In July 1993, both papers were sold to the Lancaster Group and merged under the name, the Georgetown News-Graphic. The newspaper continued its operation at the Masonic building on East Main Street until a new plant that included printing facilities was built on Cherry Blossom Way. When the News-Graphic began production of its first issue at that plant in the mid-1990s under publisher Mike Scogin who arrived in July 1994, and editor Kriti Lopez, it was the first time in over two decades a newspaper had been produced within Scott County's borders.
Bucking national trends, the community newspaper first went tri-weekly and, for a time, was published Tuesday through Friday afternoons and on Sunday mornings before returning to tri-weekly status.

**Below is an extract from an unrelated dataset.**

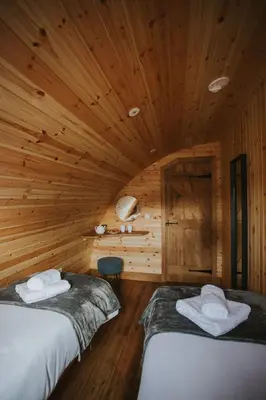 a room with two beds in a log cabin at Buttercup in Rhayader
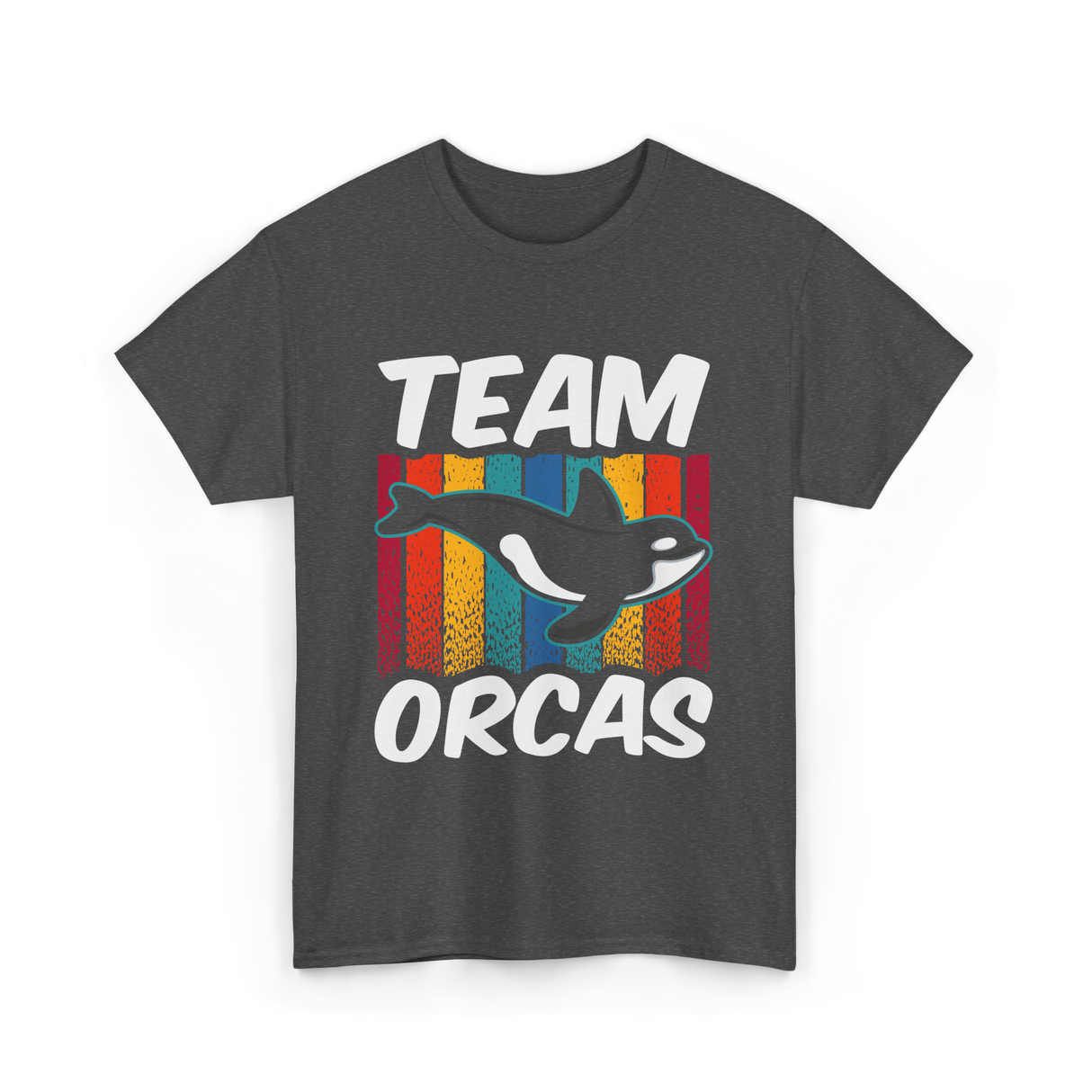 Team Orcas Orca Whale T-Shirt - Dark Heather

In the late 1990's, Georgetown Newspapers, Inc. purchased The Scott Shopper.
The News-Graphic has forged a reputation as a powerful newspaper regularly among the best in Kentucky Press Association contests including two General Excellence Awards as the state's best multi-weekly. In 2008, The Georgetown/ Scott County Chamber of Commerce awarded the News-Graphic its annual Business of the Year Award for the newspaper's efforts to improve the community.
Under Scogin's direction, the News-Graphic was one of the first newspapers to launch its own website with its first incarnation in 1995. Since then, the website has been redesigned seven times, including this current design.
The newspaper continues to serve the needs of its readers by offering them the best in community, state, national and international news and sports coverage; the finest in advertising service and promotion; and a growing website to meet their needs, at www.news-graphic.com.